## [What you have to do]
Output the records again verbatim.

## [Data extract]
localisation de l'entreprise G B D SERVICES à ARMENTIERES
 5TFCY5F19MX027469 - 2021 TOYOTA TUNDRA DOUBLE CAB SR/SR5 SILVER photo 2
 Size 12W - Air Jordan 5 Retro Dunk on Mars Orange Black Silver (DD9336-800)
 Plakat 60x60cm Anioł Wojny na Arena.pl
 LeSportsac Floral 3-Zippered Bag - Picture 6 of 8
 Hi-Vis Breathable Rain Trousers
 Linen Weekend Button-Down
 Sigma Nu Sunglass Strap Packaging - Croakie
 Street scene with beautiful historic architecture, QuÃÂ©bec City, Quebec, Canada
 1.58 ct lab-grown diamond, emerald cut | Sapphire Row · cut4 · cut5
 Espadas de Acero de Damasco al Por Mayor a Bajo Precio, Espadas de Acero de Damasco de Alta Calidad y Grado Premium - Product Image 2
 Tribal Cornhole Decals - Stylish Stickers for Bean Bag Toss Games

## [Output]
localisation de l'entreprise G B D SERVICES à ARMENTIERES
 5TFCY5F19MX027469 - 2021 TOYOTA TUNDRA DOUBLE CAB SR/SR5 SILVER photo 2
 Size 12W - Air Jordan 5 Retro Dunk on Mars Orange Black Silver (DD9336-800)
 Plakat 60x60cm Anioł Wojny na Arena.pl
 LeSportsac Floral 3-Zippered Bag - Picture 6 of 8
 Hi-Vis Breathable Rain Trousers
 Linen Weekend Button-Down
 Sigma Nu Sunglass Strap Packaging - Croakie
 Street scene with beautiful historic architecture, QuÃÂ©bec City, Quebec, Canada
 1.58 ct lab-grown diamond, emerald cut | Sapphire Row · cut4 · cut5
 Espadas de Acero de Damasco al Por Mayor a Bajo Precio, Espadas de Acero de Damasco de Alta Calidad y Grado Premium - Product Image 2
 Tribal Cornhole Decals - Stylish Stickers for Bean Bag Toss Games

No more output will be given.